START DATA PROVIDED

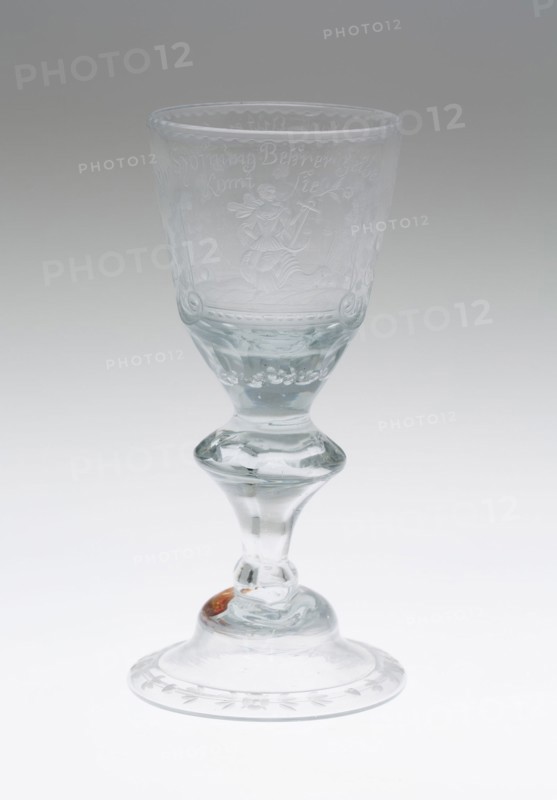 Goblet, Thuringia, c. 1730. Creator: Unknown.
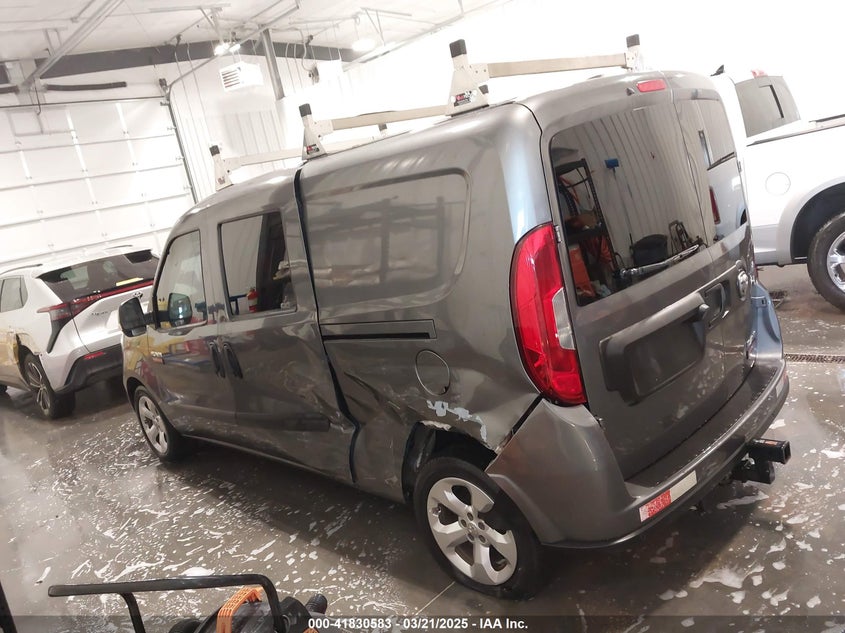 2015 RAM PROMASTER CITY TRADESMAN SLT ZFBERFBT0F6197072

END DATA PROVIDED
START DATA PROVIDED

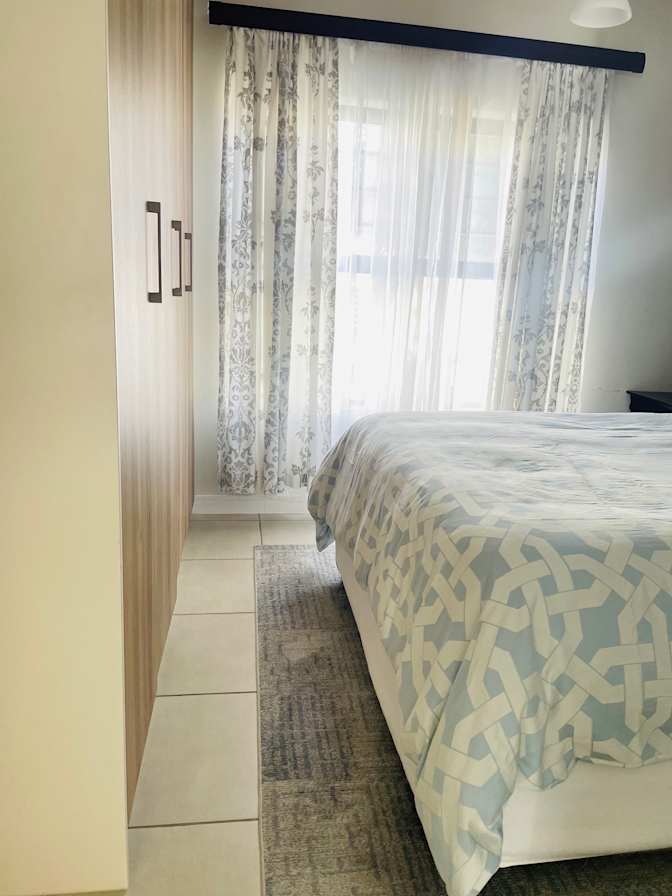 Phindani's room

END DATA PROVIDED

Repeat, word for word, the lines of the material above from the one holding "Goblet, Thuringia, c." through the one holding "2015 RAM PROMASTER". Leave out pictures.

 Goblet, Thuringia, c. 1730. Creator: Unknown.
 2015 RAM PROMASTER CITY TRADESMAN SLT ZFBERFBT0F6197072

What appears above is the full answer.